Poruszenie przed startem PlusLigi. A jednak "porażka" Leona, to znów się stało
Po kilku miesiącach przerwy, w poniedziałkowy wieczór do gry powrócą czołowe polskie kluby siatkarskie w kraju nad Wisłą. Nowy sezon PlusLigi zainauguruje konfrontacja Energa Trefla Gdańsk z Barkomem Każanami Lwów. Dwa dni później na boisku pojawi się między innymi Wilfredo Leon, który wraz z Bogdanką LUK Lublin marzy o obronie mistrzowskiego tytułu. Jeszcze przed pierwszym meczem gwiazdor otrzymał jednak kolejny cios ze strony ekspertów. 32-latek zapewne nie spodziewał się takiego werdyktu tuż po mistrzostwach świata.

Poprzedni sezon PlusLigi zakończył się niespodzianką. Po tytuł sięgnęła Bogdanka LUK Lublin, która nie była typowana w roli murowanego faworyta. Racja, do zespołu dołączył chociażby Wilfredo Leon, ale pomimo tego, mało kto spodziewał się, że ekipa ze wschodu już tak szybko stanie na najwyższym podium prestiżowych rozgrywek. W tym roku cel jest podobny, gwiazdor Nikoli Grbicia chce pokazać ekspertom, iż się mylą. Póki co wyżej stoją akcje paru innych drużyn.
Szczerą opinią niedawno podzielił się Jakub Bednaruk. "To będzie ten sezon. Potężna ławka rezerwowych, dobry trener, więc czego chcieć więcej? Dla mnie główny faworyt do złota, a finał to obowiązek" - przyznał w programie "Polsat SiatCast", stawiając na Asseco Resovię Rzeszów. A gdzie w tym wszystkim znaleźli się obecni złoci medaliści? Dopiero na czwartej lokacie.
Oczywiście Leon z Lublinem wciąż może wygrać ligę, ale będzie im trudniej niż przed rokiem
Zapewne te słowa nie spodobają się graczowi urodzonemu na Kubie. Liczy on na zdecydowanie więcej. Problem jednak w tym, że Jakub Bednaruk w swoich typach nie jest odosobniony. Tym razem głos przed sezonem zabrało aż 44 ekspertów na oficjalnej stronie zmagań. PlusLiga przygotowała dla nich specjalną ankietę, w której mieli ułożyć na przykład podium.
Eksperci zdecydowali.
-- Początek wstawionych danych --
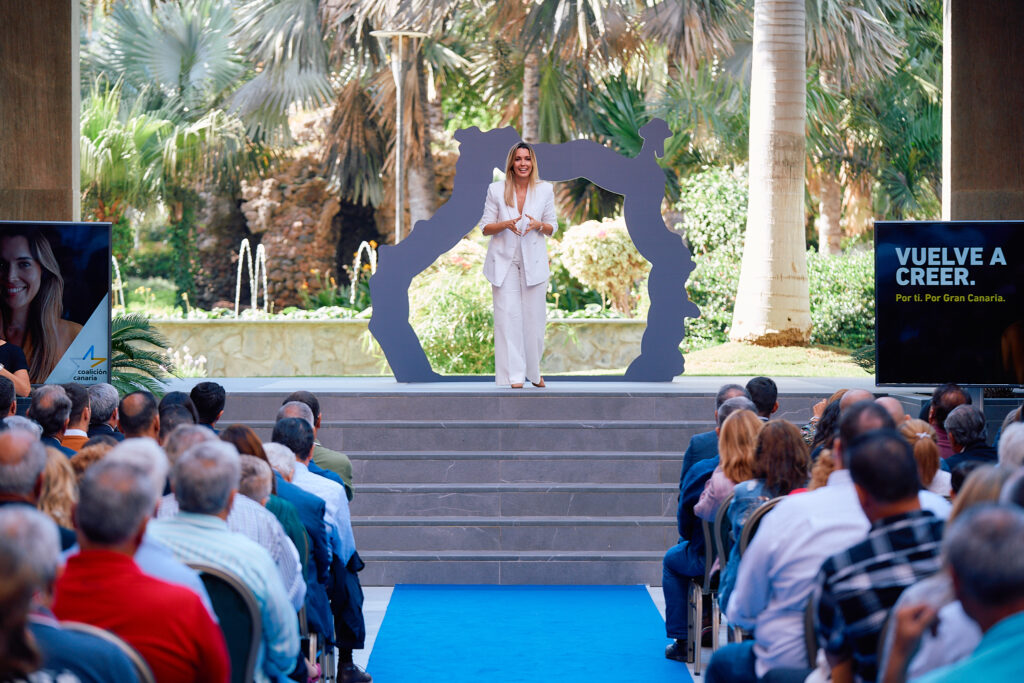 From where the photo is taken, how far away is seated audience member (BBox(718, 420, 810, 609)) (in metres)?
4.45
Drużyny Leona nie ma nawet na podium PlusLigi
I po zsumowaniu punktów podopieczni Stephane'a Antigi również znaleźli się poza czołową trójką. Lublinian wskazało jedynie dziewięć osób, w tym między innymi: Joanna Kaczor-Bednarska, Andrea Anastasi czy Ireneusz Mazur. Dla kogo w takim razie złoto? Znów na pierwszym miejscu widzimy Asseco Resovię Rzeszów. Podium uzupełniają Aluron CMC Warta Zawiercie oraz PGE Projekt Warszawa.
Leon poniósł swego rodzaju porażkę także na polu indywidualnym. Zaledwie jednym głosem wyprzedził go Bartosz Bednorz, który zdaniem ośmiu ekspertów zdobędzie najważniejszą nagrodę MVP. W czołówce uplasowali się także Marcin Janusz (6 głosów) oraz Bartosz Kwolek (4 głosy). Pozostałych rywali w kategorii "odkrycie sezonu" zdominował za to Jakub Nowak. Na środkowego postawiło aż 16 osób.